E a terna mão de Alguém colhe, afinal,
todas as coisas que caindo vão.

O Anjo
Com um mover da fronte ele descarta
tudo o que obriga, tudo o que coarta,
pois em seu coração, quando ela o adentra,
a eterna Vinda os círculos concentra.

O céu com muitas formas Ihe aparece
e cada qual demanda: vem, conhece -.
Não dês às suas mãos ligeiras nem
um só fardo; pois ele, à noite, vem

à tua casa conferir teu peso,
cheio de ira, e com a mão mais dura,
como se fosses sua criatura,
te arranca do teu molde com desprezo.

(Tradução: Augusto de Campos)

A Gazela

Mágico ser: onde encontrar quem colha
duas palavras numa rima igual
a essa que pulsa em ti como um sinal?
De tua fronte se erguem lira e folha

e tudo o que és se move em similar
canto de amor cujas palavras, quais
pétalas, vão caindo sobre o olhar
de quem fechou os olhos, sem ler mais,

para te ver: no alerta dos sentidos,
em cada perna os saltos reprimidos
sem disparar, enquanto só a fronte

a prumo, prestes, pára: assim, na fonte,
a banhista que um frêmito assustasse:
a chispa de água no voltear da face.

Ser amado é consumir-se na chama. Amar é luzir com uma luz inesgotável. Ser amado é passar; amar é durar.

Uma única coisa é necessária: a solidão. A grande solidão interior. Ir dentro de si e não encontrar ninguém durante horas, é a isso que é preciso chegar. Estar só, como a criança está só.

Vivo a minha vida em círculos cada vez maiores / que se estendem sobre as coisas. / Talvez não possa acabar o último, / mas quero tentar.

As obras de arte são de uma solidão infinita: nada pior do que a crítica para as abordar. Apenas o amor pode captá-las, conservá-las, ser justo em relação a elas.

Tudo quanto é velocidade não será mais do que passado, porque só aquilo que demora nos inicia.

As obras de arte são uma infinita solidão: nada as pode alcançar tão pouco quanto a crítica.

Os homens, com o auxílio das convenções, têm resolvido tudo com facilidade e pelo lado mais fácil da facilidade; mas é claro que precisamos ater-nos ao difícil.

Basta sentir que se poderia viver sem escrever para já não se ter o direito de fazê-lo.

O tempo não é uma medida. Um ano não conta, dez anos não representam nada. Ser artista não significa contar, é crescer como a árvore que não apressa a sua seiva e resiste, serena, aos grandes ventos da primavera, sem temer que o verão possa não vir. O verão há de vir. Mas só vem para aqueles que sabem esperar, tão sossegados como se tivessem na frente a eternidade.

Se o cotidiano lhe parece pobre, não o acuse: acuse-se a si próprio de não ser muito poeta para extrair as suas riquezas.

O amor é a ocasião única de amadurecer, de tomar forma, de nos tornarmos um mundo para o ser amado. É uma alta exigência, uma ambição sem limites, que faz daquele que ama um eleito solicitado pelos mais vastos horizontes.
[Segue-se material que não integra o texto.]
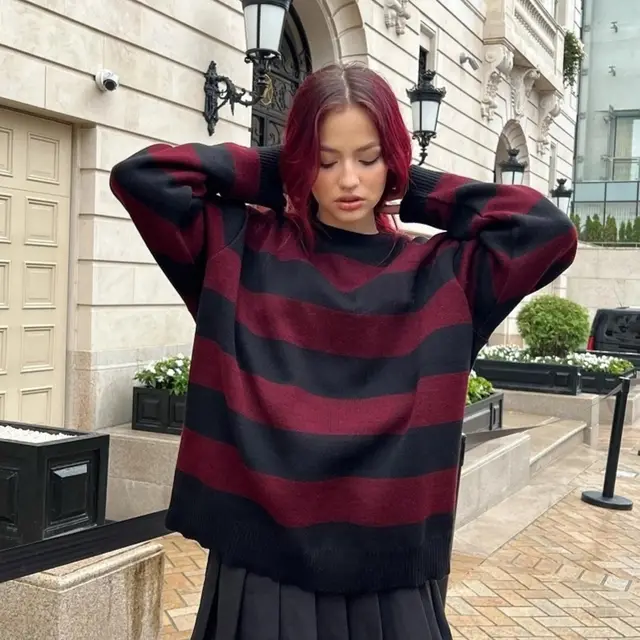 Classic Creative Striped Women's O Collar Pullover Sweater Black Red - Shop at LoveMi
Nada mais que possibilidades. Nada mais que desejos. E, de repente, ser realização, ser verão, ter sol.

Talvez todos os dragões nas nossas vidas são princesas que estão apenas à espera de nos ver agir, apenas uma vez, com beleza e coragem. Talvez tudo aquilo que nos assusta é, na sua essência mais profunda, algo desamparado que quer o nosso amor.